Written by suganya | Published 2020/05/09
Tech Story Tags: data-lakes | aws | amazon-web-services | data-warehouse | bigdata | latest-tech-stories | what-is-aws-data-lake | aws-data-lake-review

TLDR A data lake is an architectural concept that helps you manage multiple data types from multiple sources, both structured and unstructured, through a single set of tools. The process allows you to scale the data of any size, while saving time from defining data structures, schemas and transformation. Data lakes enable organizations to generate different types of insights including reporting on historical data and implementing machine learning where models are built to forecast likely outcomes and suggest a range of prescribed actions to achieve the optimal result. The exact difference between the Data Warehouse and the Data Lake is all about and depict the reason for it's popularity.via the TL;DR App

The exact difference between the Data Warehouse and AWS Data Lake.
Let me demonstrate what AWS Data Lake is all about and depict the reason for it’s popularity.
In the world of Amazon Web Service (AWS), Amazon S3 is an amazing object container. Like any bucket, you can put content in it in a neat and orderly fashion, or you can just dump it in. But no matter how the data gets there, once it’s there, you need a way to organize it in a meaningful way so you can find it when you need it.
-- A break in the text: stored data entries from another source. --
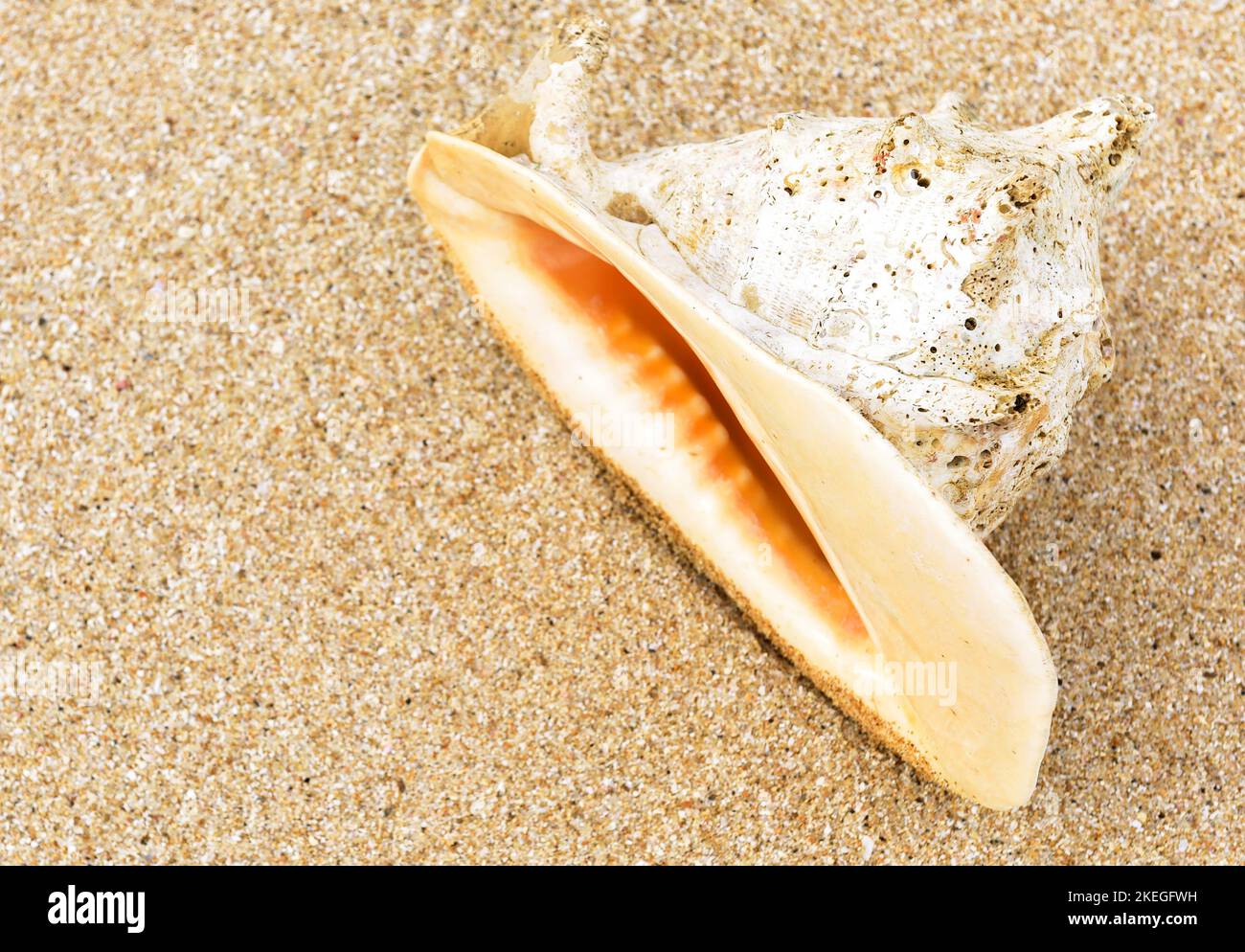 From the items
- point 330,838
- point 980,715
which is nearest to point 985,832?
point 980,715

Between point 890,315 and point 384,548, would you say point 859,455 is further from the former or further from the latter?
point 384,548

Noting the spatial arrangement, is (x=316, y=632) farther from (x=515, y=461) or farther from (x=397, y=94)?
(x=397, y=94)

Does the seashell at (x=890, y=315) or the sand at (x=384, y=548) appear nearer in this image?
the seashell at (x=890, y=315)

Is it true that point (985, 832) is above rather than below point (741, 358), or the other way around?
below

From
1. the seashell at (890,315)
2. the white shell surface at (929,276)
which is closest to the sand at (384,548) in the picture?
the seashell at (890,315)

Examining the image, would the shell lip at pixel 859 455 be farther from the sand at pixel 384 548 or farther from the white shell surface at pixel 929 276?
the sand at pixel 384 548

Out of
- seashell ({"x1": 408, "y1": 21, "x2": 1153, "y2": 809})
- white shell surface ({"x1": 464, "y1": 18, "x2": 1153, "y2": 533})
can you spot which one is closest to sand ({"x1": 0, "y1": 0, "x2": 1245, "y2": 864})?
seashell ({"x1": 408, "y1": 21, "x2": 1153, "y2": 809})

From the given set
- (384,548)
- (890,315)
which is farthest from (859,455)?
(384,548)

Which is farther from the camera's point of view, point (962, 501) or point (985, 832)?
point (985, 832)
This is where data lakes come in.
AWS Data Lake
A data lake is a centralized repository that allows you to store structured, semi-structured, and unstructured data at any scale.
A data lake is an architectural concept that helps you manage multiple data types from multiple sources, both structured and unstructured, through a single set of tools. A data lake takes Amazon S3 buckets and organizes them by categorizing the data inside the buckets. It doesn’t matter how the data got there or what kind it is, you can store both structured and unstructured data effectively in an Amazon S3 data lake AWS offers a set of tools to manage the entire Data Lake without treating each bucket as separate, unassociated objects
On-Premises Data Movement
Data lakes allow you to import any amount of data. Data is collected from multiple sources and moved into the data lake in it’s original format. The process allows you to scale the data of any size, while saving time from defining data structures, schemas and transformation.
Real-time Data Movement
Data lakes allow you to import any amount of data that can come in real time. Data can be collected from multiple stream data sources and moved into the data lakes in its original format.
Machine Learning
Data lakes enables organizations to generate different types of insights including reporting on historical data and implementing machine learning where models are built to forecast likely outcomes and suggest a range of prescribed actions to achieve the optimal result.
Analytics
Data lakes allow various roles in the organization, such as Data Scientists, Data Developers and Business Analysts, to access data with their choice of analytic tools and frameworks.
This includes open source frameworks such as Hadoop, Presto, and Apache Spark and commercial offerings from data warehouse and BI vendors.
Data lakes allow you to run analytics without the need to move your data to a separate analytics system.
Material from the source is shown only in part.